We have explored some of these issues in previous blog posts, but here, in no particular order, are five hot topics on which employers should currently be focussing:
1. Pensions taxation – imminent changes?
The March Budget is likely to result in changes to the current system of tax relief for pension savings. Commentators expect the Government to announce the adoption of a single rate of tax relief of anything between 20% and 33%, regardless of the rate at which an individual pays income tax.
Assuming this is implemented (taking effect from 2017 at the earliest), basic rate taxpayers would benefit, but higher rate taxpayers would be worse off. With measures also likely to be introduced with effect from 16 March to prevent high earning individuals taking unfair advantage of more favourable rates during the period before the change is implemented, high earners are being urged to maximise their pension contributions before the Budget is delivered.
Employers should review how their high earners are rewarded if the rates are changed as predicted. The changes would also have payroll implications.
2. Reduction in the lifetime allowance
From 6 April the lifetime allowance, the aggregate maximum capital value of all tax-advantaged pension savings that a person can have, will be reduced from £1.25m to £1m. As with previous reductions, HMRC has announced that there will be a protection regime for those with pensions exceeding (or which are expected to exceed) £1m in value.
HMRC will publish full details in July, though its announcements suggest the use of a similar system of Fixed Protection and Individual Protection to that used following the 2014 reduction in the lifetime allowance.
While primarily an issue for employees and their IFAs, employers should notify high earning and/or long-serving staff that this may be relevant to them.
3. Tapering tax relief for higher earners
From 6 April, the annual allowance (the annual limit on the level of tax-relieved saving, currently set at £40,000) will be reduced for many earners with annual taxable income over £150,000. For those with taxable income of over £210,000 in a year, the annual allowance could fall to £10,000.
Employers need to assess which of their staff may be affected and decide whether to limit pension contributions and/or re-shape the benefits paid to higher earners. Any changes will then need to be implemented and communicated to affected staff.
Have GMPs accrued in your defined benefit pension scheme? Trustees should have started to reconcile their GMP records with those of HMRC to avoid paying incorrect member benefits and adversely affecting members’ state pension entitlements.
Trustees have until 5 April to register for HMRC’s reconciliation service. Failure to register in time will mean HMRC’s records will be deemed to be the correct records. The opportunity to have them amended will be lost, regardless of any evidence the scheme or employer may hold to the contrary.

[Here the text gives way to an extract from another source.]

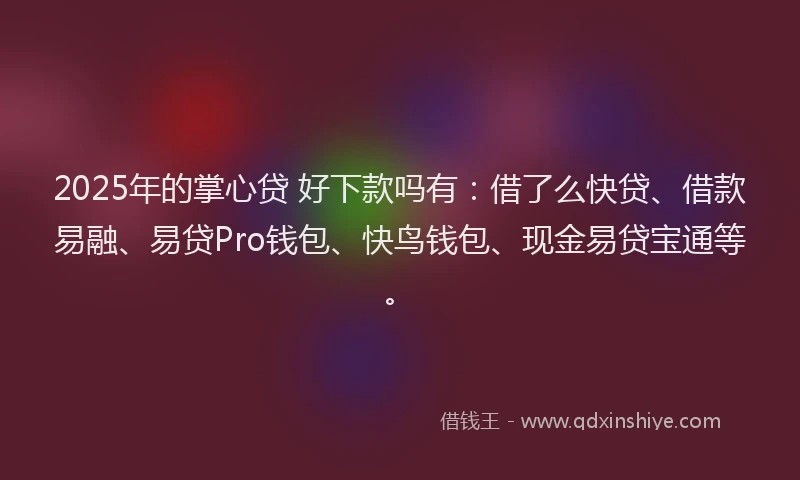 2025年的掌心贷 好下款吗有：借了么快贷、借款易融、易贷Pro钱包、快鸟钱包、现金易贷宝通等。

Employers should check that the scheme trustees have registered with HMRC. Employers should note that reconciliation exercises can be costly and may result in benefits having to be increased, which would have an impact on the scheme’s liabilities.
Employers with an open DB contracted-out scheme need to plan for 6 April, when the single-tier state pension will be introduced and the National Insurance (NI) rebates payable in return for contracting-out will cease. The loss of these rebates effectively means a 3.4% increase in employer’s NI contributions and a 1.4% increase in employee contributions.
Employers have a range of options available to manage this increased cost, including simply absorbing it, introducing salary sacrifice, closing the DB scheme to future accrual or taking a middle course, either increasing employee contributions or reducing future accrual rates by using a statutory overriding power.
Employers in this position should consider what if any steps they will take to mitigate the increased NI costs and should inform employees that their NI contributions will increase from April.